Чубенко незамедлительно возник около тачанки батьки, сдержанно поклонился.
– Бери пару ребят, бери динамит и минируй пути позади немецкого эшелона, – приказал ему Махно. – Если начнут отступать – отправляй их прямиком на небеса. Скатертью дорожка! Как только услышишь стрельбу – рви рельсы!
Чубенко вновь сдержанно поклонился и исчез.
Теперь надо было решить вопрос с парламентерами. Дело это деликатное – вести переговоры с немаками (или австрийцами, если там не немаки, а австрияки), это не колбаски и пивом трескать, тут и дипломатом надо быть, и разведчиком, и психологом, и ушки на макушке нужно держать, и длинными ногами обладать, чтобы успеть в случае беды добежать до ближайшей крапивы. Махно оглядел своих сподвижников, остановил взгляд на молодцеватом новичке, который не терял форса даже в походных условиях, пальцем поманил его к себе.
– Вид у тебя, Калашников, очень представительный, – сказал он. – С таким портретом только ультиматумы немакам диктовать… Справишься?
– А почему бы и нет?
– Бери с собой двух человек – и вперед! Скажешь немакам – только тогда мы их пропустим, когда они сдадут нам все свое оружие.
– Все оружие они не сдадут, батька!
– Это почему же? – сощурился Махно.
– Вдруг им по дороге придется отбиваться от каких-нибудь разбойников? Чем будут отбиваться? Дубинками?
– Тоже верно… Оставь им десяток карабинов и два ящика патронов, этого хватит за глаза. Остальное пусть сдают. Иначе – война.
– Есть, батька!
С собой Калашников взял махновского адъютанта Петьку Лютого и здоровенного, с оценивающим взглядом, отнюдь не украшавшего его бандитскою морду, Леву Задова. Задов в отряде появился совсем недавно, и известно о нем было мало. Знали, что он при царе успешно опустошил кассу на одной железнодорожной станции, еще – взял почтовую контору, – после этого он мог всю жизнь клеить на конверты марки и отсылать письма во все концы света – так много взял марок, но в неурочное время попался на глаза полицейскому приставу и загудел на каторгу.
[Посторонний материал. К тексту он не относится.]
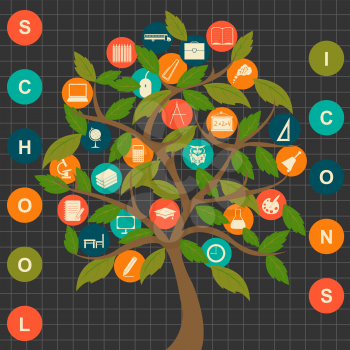 School icons tree. Set education  vector icons 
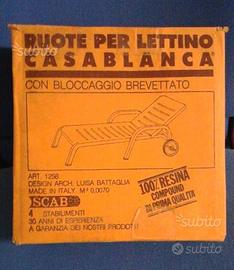 Ruote per lettino CASABLANCA - SCAB (originali)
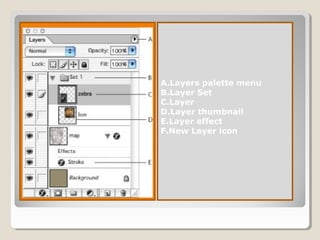 A.Layers palette menu
B.Layer Set
C.Layer
D.Layer thumbnail
E.Layer effect
F.New Layer icon
 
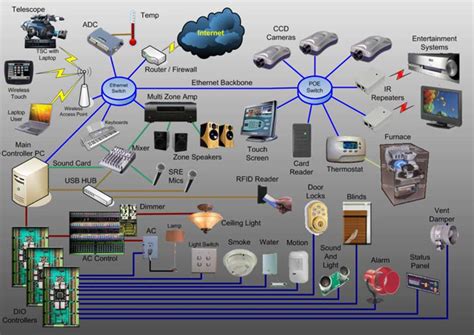 Control, Measuring, & Automation Systems: Off-grid & Sustainable Living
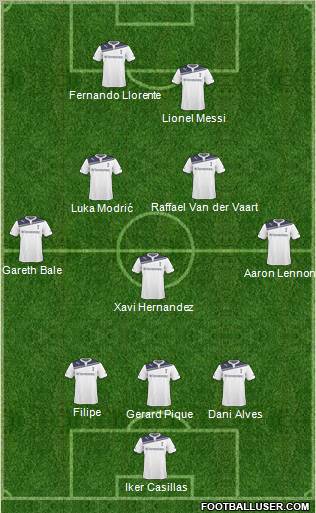 Tottenham Hotspur Formation 2011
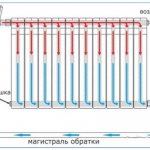 Diagonal connection of heating radiators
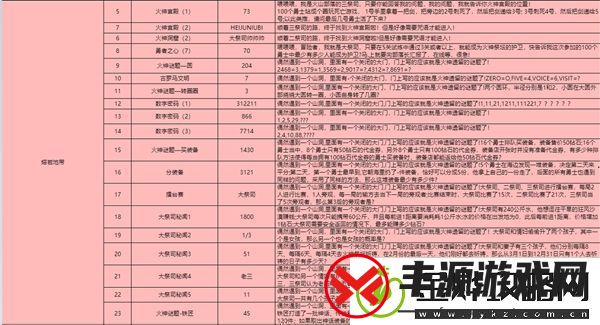 灵光文明冰封墓地变强的咒语答案是什么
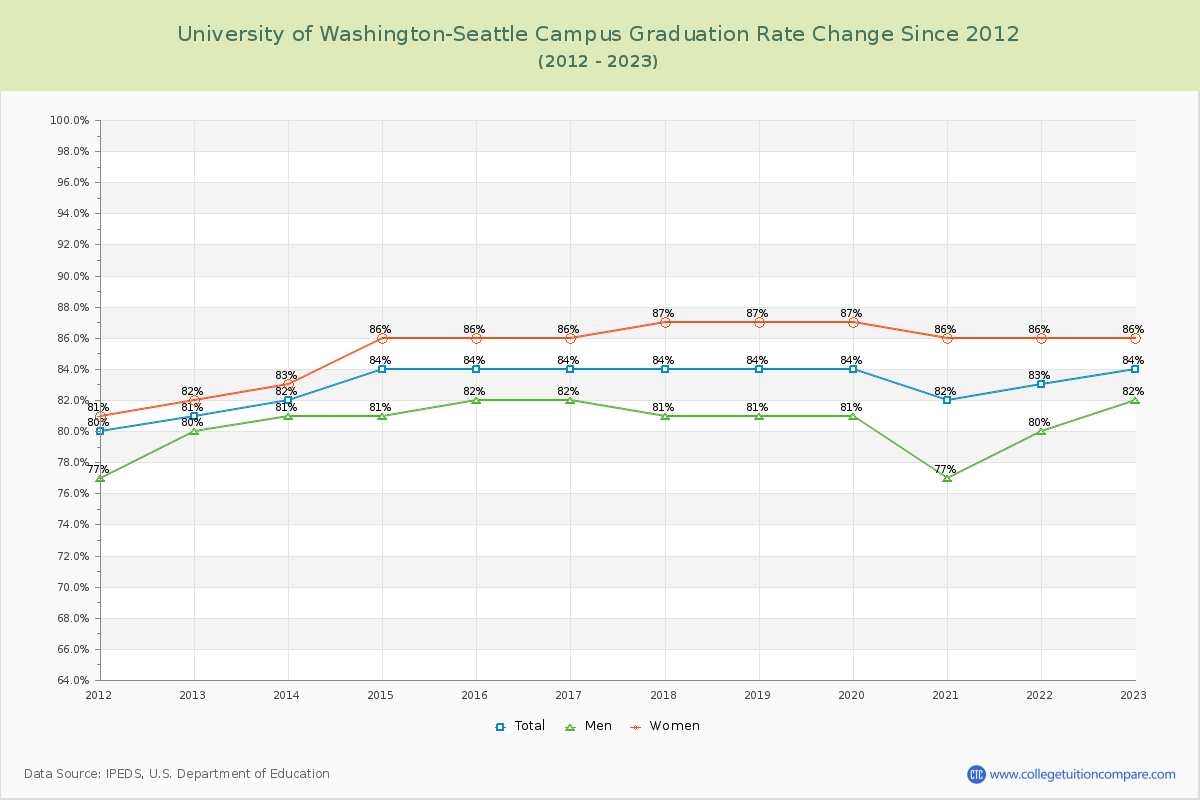 University of Washington-Seattle Campus Graduation Rate Changes Chart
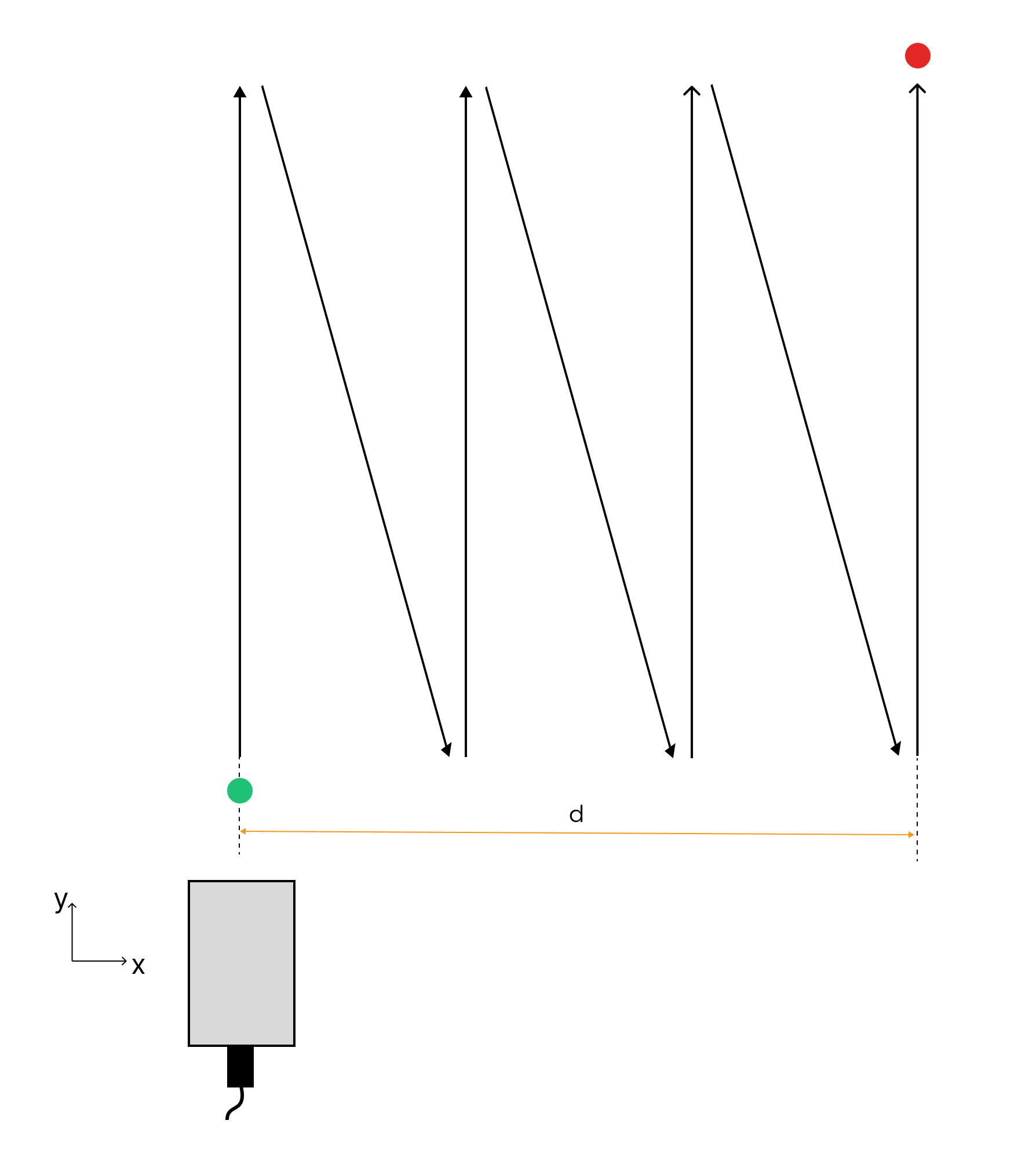 single profiler z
Парламентеры привязали к шашке белую тряпку и поскакали к застывшему в степи эшелону. Махно скомандовал повстанцам:
– К бою!
Когда тачанки, телеги, фуры, верховые развернулись в одну линию, картина получилась внушительная, у Махно даже сердце дрогнуло горделиво: это же целая дивизия! Лавина! Кого угодно, если захочет, снесет! У батьки от внутреннего восторга зачесался нос. То ли к выпивке это было, то ли к кулаку. Громыхая, подскакивая на сусличьих выковыринах, телеги вынеслись из лога, в котором ночевали, наверх, на гребень длинного неровного взгорбка, и застыли. У Махно еще раз дрогнуло сердце. Вид был боевой… Впечатлял. Особенно хороши были пулеметы, установленные на телегах, настороженно щупавшие тупыми бревнышками-носами пространство перед собой. Стоит только Махно шевельнуть одним пальцем – и бревнышки эти польют эшелоны свинцовым дождиком. Махно ощутил в себе радостный жар – он и полководцем себя почувствовал, и одновременно вспомнил свое детство, – но жару этому разгореться в себе не дал. Задавил.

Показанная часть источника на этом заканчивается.